URN: urn:nbn:de:bsz:180-madoc-654268
Document Type: Article
Year of publication: 2024
The title of a journal, publication series: Psychonomic Bulletin & Review
Volume: 31
Issue number: 3
Page range: 1078-1092
Place of publication: New York, NY
Publishing house: Springer
ISSN: 1069-9384 , 1531-5320
Publication language: English
Institution: School of Social Sciences > Allgemeine Psychologie (Bröder 2010-)

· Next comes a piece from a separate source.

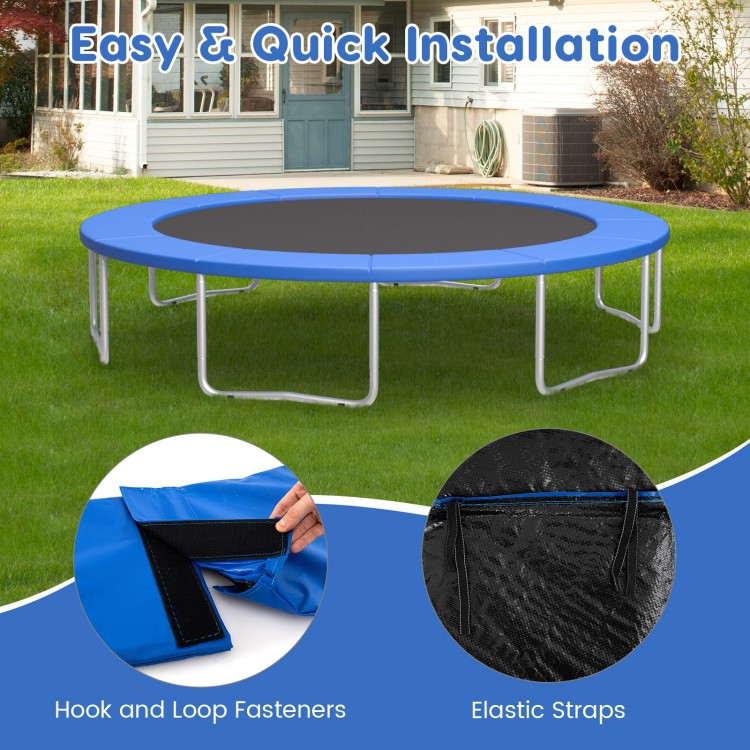 8 feet blue trampoline safety pad with elastic straps and hook and loop fasteners for secure installation and edge.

Pre-existing license: Creative Commons Attribution 4.0 International (CC BY 4.0)
Subject: 150 Psychology
Keywords (English): numerical judgments , cognitive modeling , multidimensional scaling , natural stimuli
Abstract: Research on processes of multiple-cue judgments usually uses artificial stimuli with predefined cue structures, such as artificial bugs with four binary features like back color, belly color, gland size, and spot shape. One reason for using artifical stimuli is that the cognitive models used in this area need known cues and cue values. This limitation makes it difficult to apply the models to research questions with complex naturalistic stimuli with unknown cue structure. In two studies, building on early categorization research, we demonstrate how cues and cue values of complex naturalistic stimuli can be extracted from pairwise similarity ratings with a multidimensional scaling analysis. These extracted cues can then be used in a state-of-the-art hierarchical Bayesian model of numerical judgments. In the first study, we show that predefined cue structures of artificial stimuli are well recovered by an MDS analysis of similarity judgments and that using these MDS-based attributes as cues in a cognitive model of judgment data from an existing experiment leads to the same inferences as when the original cue values were used. In the second study, we use the same procedure to replicate previous findings from multiple-cue judgment literature using complex naturalistic stimuli.